Jacques Távola Alfonsin (2004) e Carlos Frederico Marés (2003) compartilham a sábia lição de que não é o direito de propriedade quem deve cumprir uma função social, mas sim o objeto, ou seja, a propriedade imóvel e o seu uso. Portanto, o uso da terra pelo homem (que se transforma em direito de propriedade) é que se relaciona com a função social, já que o título que o vincula a ela (propriedade) é uma abstração. Para Alfonsin (2004) a função social da propriedade não está reduzida ao prolongamento do direito de propriedade, já que se refere ao efetivo uso dos bens e não à sua titularidade jurídica, pois aquela independe de quem detenha o título de propriedade. Desta forma, o novo pensamento beneficia aquele que utiliza o bem de forma a fazer valer sua função social, e não aquele que, embora regularmente constituído como proprietário, não faça uso do imóvel de forma que lhe aproveite melhor.
Diante da visão adotada, a propriedade deixa de ser um direito absoluto, ilimitado e perpétuo que tinha como base o direito de “usar, fruir e abusar da coisa” e passa a sofrer restrições para que seu uso favoreça a comunidade na qual se insere e deve ser exercido de forma consciente.
Para Nelson Saule Junior (2004, p. 213) “a função social da propriedade é o núcleo basilar da propriedade urbana” e o direito à propriedade só pode ser protegido pelo Estado quando esta cumprir com sua função social. O mesmo autor explica que “o princípio da função social da propriedade, como garantia de que o direito da propriedade urbana tenha uma destinação social, deve justamente ser o parâmetro para identificar que funções a propriedade deve ter para que atenda às necessidades sociais existentes nas cidades. Função esta que deve condicionar a necessidade e o interesse da pessoa proprietária, com as demandas, necessidades e interesses sociais da coletividade". (Saule Junior, 2004, p. 214)
No Brasil, na Constituição Imperial de 1824 e a Constituição Republicana de 1891, a propriedade era tida como um direito individual, sem qualquer atenção para o seu interesse social, em outras palavras, era um direito individual, não um direito social. Ela era regulada como condição básica à inviolabilidade dos direitos civis e políticos, da liberdade e da segurança individual.

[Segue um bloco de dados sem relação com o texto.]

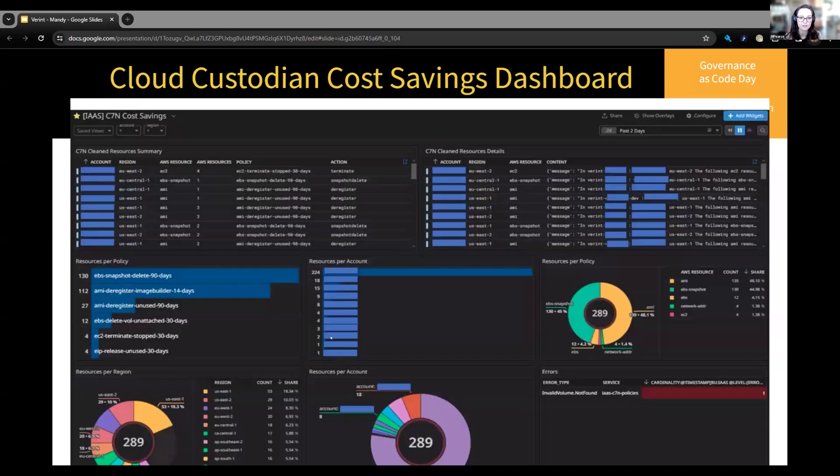This is our Datadog dashboard for Cloud Custodian, where we can watch the cleanup in real time. Our Lambda functions log to CloudWatch, and then we have a Datadog forwarder from there. In the upper left corner you can see the summary of resources cleaned within the time block we're looking at. Under that is the number of resources per policy getting cleaned, with a pie chart equivalent on the right side. Next to that is resources per account so we can see the greatest offending accounts. Bottom left is resources per region, bottom right lists any errors Cloud Custodian throws — and we have a Datadog monitor on that as well. The upper right corner is a detailed message on what specific resource IDs are removed, which also gets sent through the notify action to resource owners.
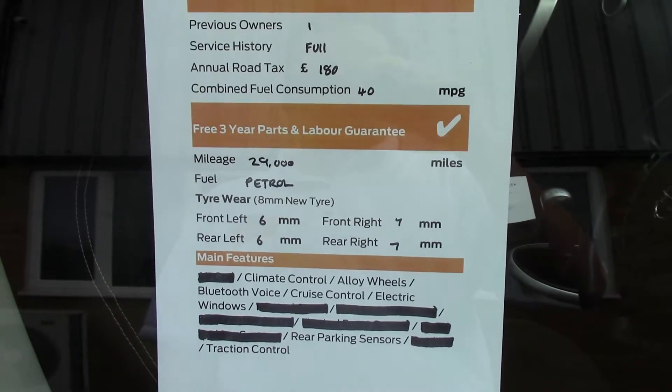And finally, to finish off, here is an overall summary of all of this vehicle's key features.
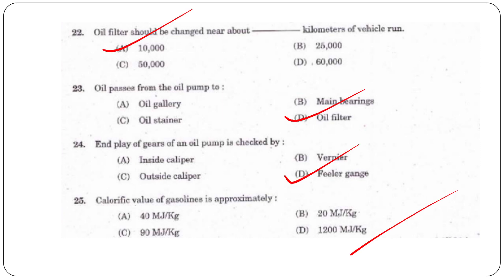Question 25: What is the calorific value of gas? The answer is 40 megajoules per kilogram.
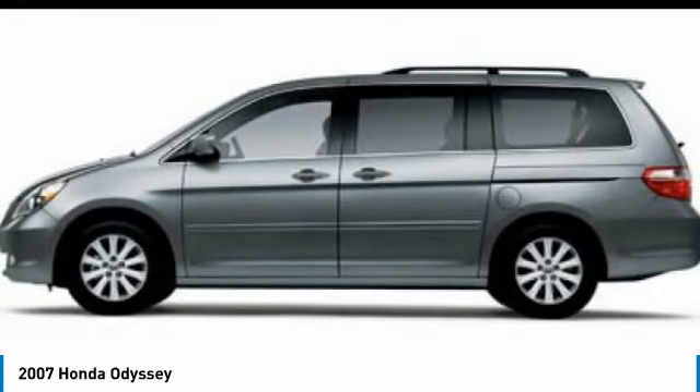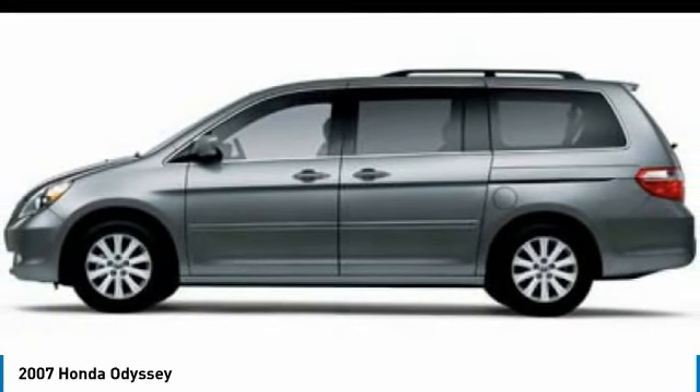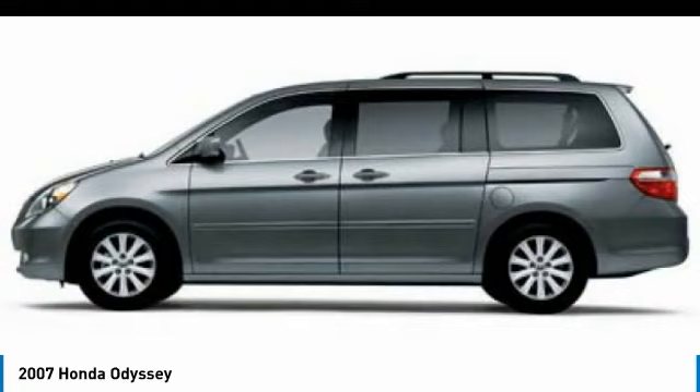This isn't just a vehicle, it's an experience. So stop in for a test drive today.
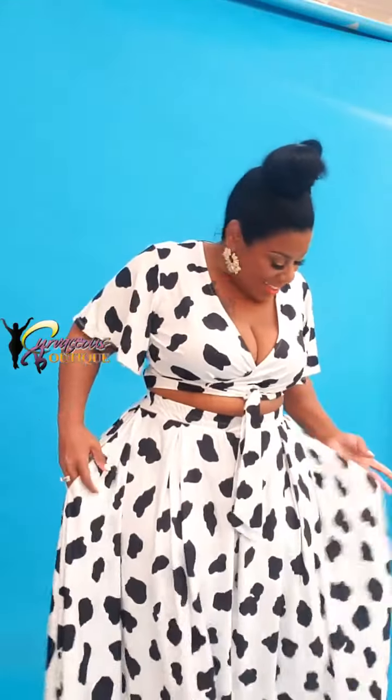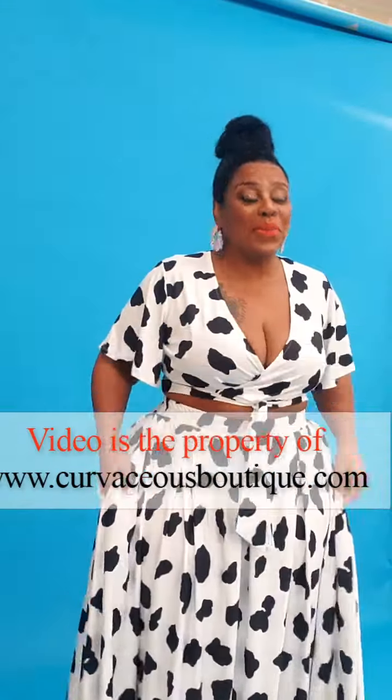Hey Curvaceous Cuties! Whew, I get a laugh every shoot. I'm still calling HG — I'm going to tell him the Lord told me to do it.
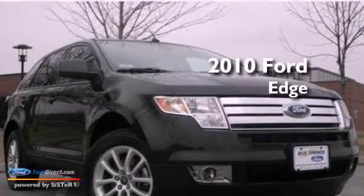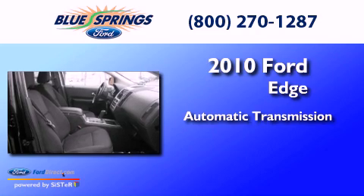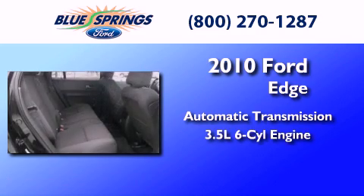This is a 2010 Ford Edge. This crossover has an automatic transmission and a 3.5-liter V6.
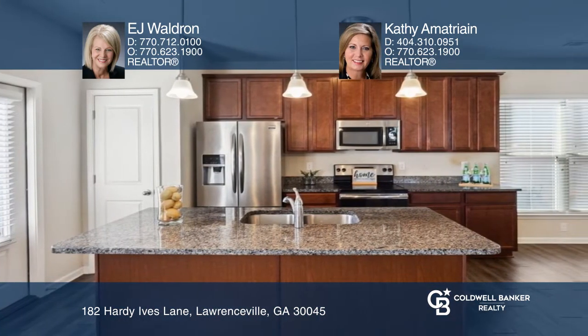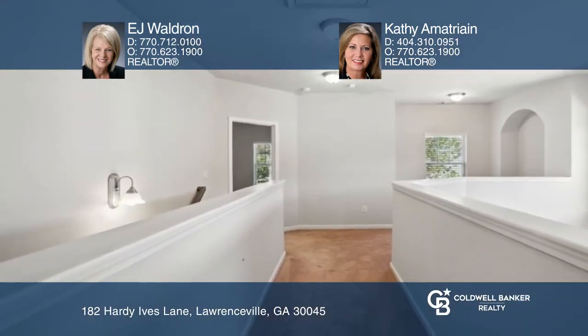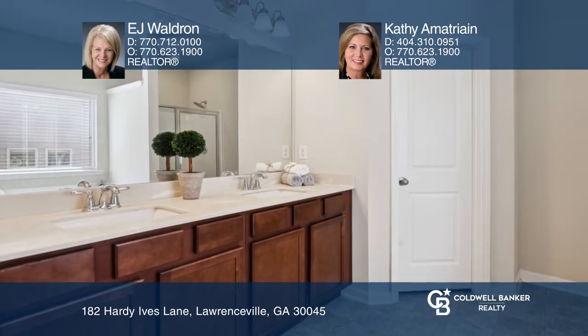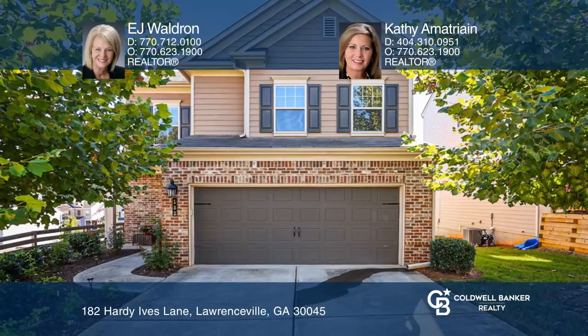Upstairs is a loft area and the owner's en suite with a garden tub and dual vanities. Enjoy the backyard patio and fenced yard. Come see your new home today with EJ Waldron and Kathy Amatriane.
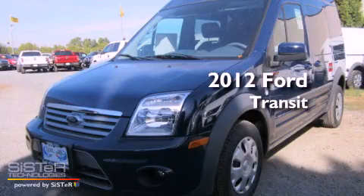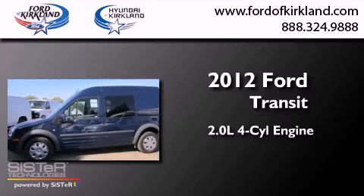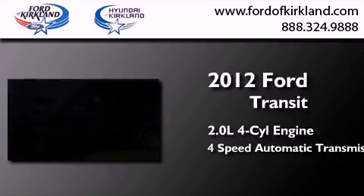This is a brand new 2012 Ford Transit Connect. It has a 2.0-liter 4-cylinder engine and a 4-speed automatic transmission.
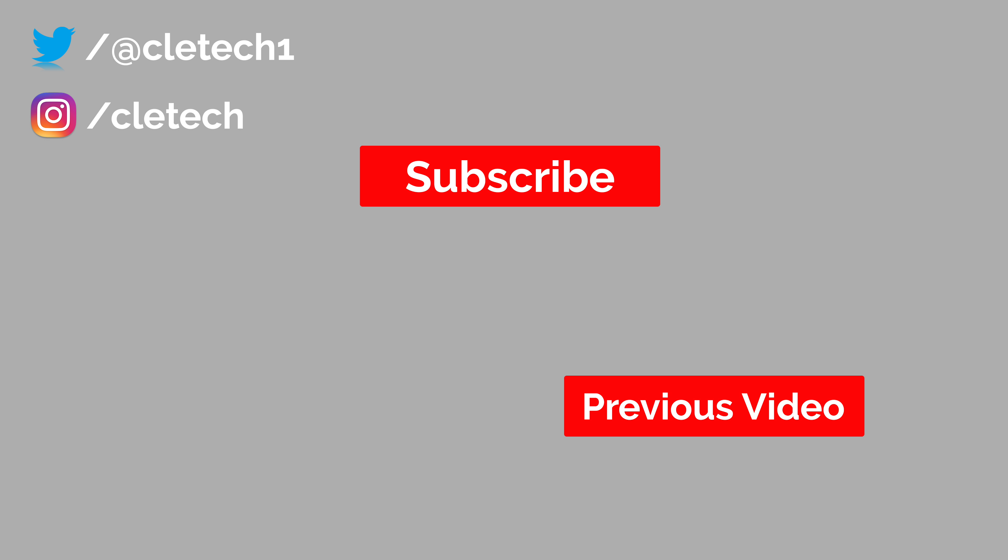So that's it for this video. Please be sure to hit that subscribe button if you haven't already done so, and as always, I will see you guys in the next one.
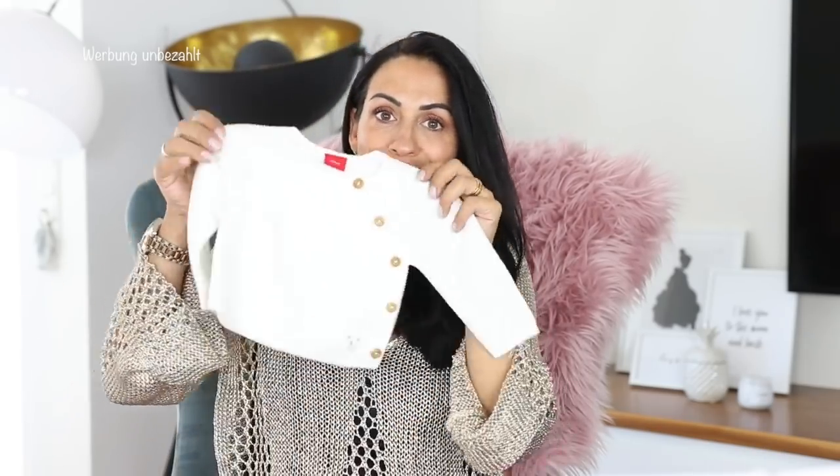Und da ist auch die Bella mit am Start – die muss natürlich auch mit ins Video. Deshalb drehe ich heute sehr gerne dieses Video für euch ab. Ich habe auch einige Klamotten fürs Baby gekauft, unter anderem zum Beispiel sowas Süßes hier. Ich zeige euch jetzt erstmal die großen Sachen und verlinke euch alles unten in der Infobox, damit ihr nicht lange suchen müsst. Wir starten jetzt direkt durch!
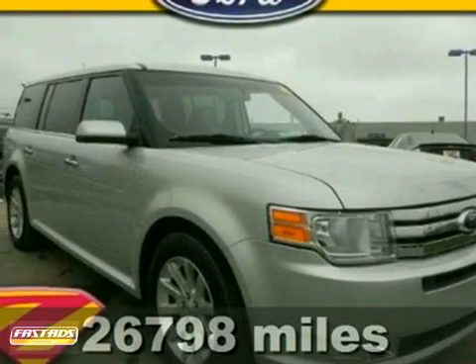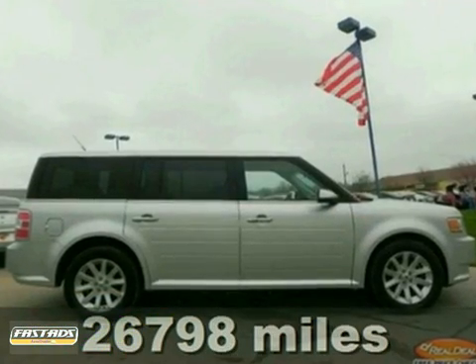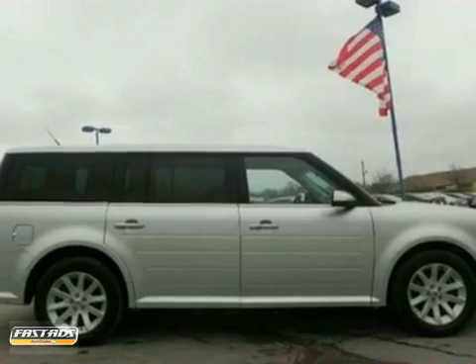You'll be hard-pressed to find a nicer 2010 Ford Flex than this all-around champ. This outstanding Flex is the family hauling SUV with everything you'd expect from Ford and then some.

A partir da Constituição de 1934 iniciou-se um novo conceito de propriedade, por previsão do art. 113, o direito de propriedade não poderia ser exercido contra o interesse coletivo, idéia esta que se contrapunha à de propriedade como direito absoluto e inviolável da pessoa humana que permanecia até então, passando-se a compreendê-la também sob o aspecto social, já que o direito também estava sendo visto sob o enfoque do Estado social. Assim, a Constituição de 1934 dispôs sobre o princípio da função social da propriedade, princípio este que fora mantido nas Constituições de 1937 e 1946, sendo que na última constou também o direito à propriedade dentre os direitos individuais, além do social.
A Constituição Federal de 1967 destacou o tema da “função social da propriedade”, mantida inclusive na Emenda Constitucional de 1969, permanecendo o direito de propriedade sob os dois aspectos (social e individual).
Na Constituição Federal de 1988 o direito à propriedade foi garantido enquanto direito fundamental (art. 5º, XXII), sendo um direito inviolável e essencial ao ser humano, posto ao lado de outros direitos, como a vida, a liberdade, a segurança, etc. Mas também à propriedade foi atribuído interesse social, pois o art. 5º, XXIII prega que “a propriedade atenderá a sua função social”, portanto, fica condicionada à efetividade de sua função social.
No que se refere à propriedade urbana, esta vem regulada na Constituição Federal em seu art. 182[6], que determina ser o Município, através do Plano Diretor, quem estabelece critérios para aplicação da função social da propriedade urbana, ordenando a cidade de forma a garantir o bem-estar dos seus habitantes e seu desenvolvimento.
O Estatuto da Cidade em seu art. 39 dispõe que “A propriedade urbana cumpre sua função social quando atende às exigências fundamentais de ordenação da cidade expressas no plano diretor, assegurando o atendimento das necessidades dos cidadãos quanto à qualidade de vida, à justiça social e ao desenvolvimento das atividades econômicas, respeitadas as diretrizes previstas no art. 2º desta Lei.”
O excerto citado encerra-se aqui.